Open Piotreqsl opened 6 months ago
Zendesk ticket #3076 has been linked to this issue.
This issue has been marked as stale because of no activity in the last 180 days. It will be closed in the next 180 days unless it is tagged "no stalebot" or other activity occurs.
Gloo Edge Product
Enterprise
Gloo Edge Version
v1.19.3
Kubernetes Version
v1.27.8
Describe the bug
We have a problem with gloo gateway-proxy pods during our cluster upgrades.
Our application needs to handle many websocket connections and ensure each of them is served properly. We've implemented custom PreStop hooks in our pods and it works fine during normal upgrades (e.g. changing docker tag) or HPA scaling - Pod waits till last of websocket connection is terminated or till specified timeout.

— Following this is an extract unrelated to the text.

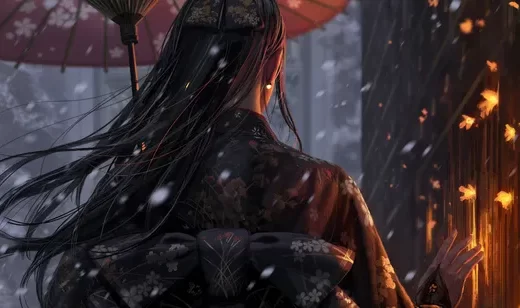 和风二次元少女·落雪枫下侧影 高清宽屏桌面背景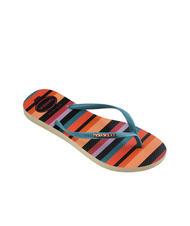 HAVAIANAS SLIM PATCHWORK Chancletas beige paja/azul - Zapatos Mujer - 3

The problem occurs when we try to upgrade whole cluster (e.g. change type of EC2). We observed that gateway-proxy pods are being killed during upgrade and because of that - connections to our application pods are being terminated, due to connection loss.
We've read https://docs.solo.io/gloo-edge/latest/operations/advanced/zero-downtime-gateway-rollout/ documentation, that says something about health-checks, but we're not sure how would it help us in keeping long-living connection (our pods are in terminating state)
We'd kindly ask for advices how we can configure gloo gateway-proxy in order not to kill existing connections.
Expected Behavior
Gloo gateway-proxy should wait for last connection to terminate or timeout after specified time.
Steps to reproduce the bug
Additional Environment Detail
No response
Additional Context
No response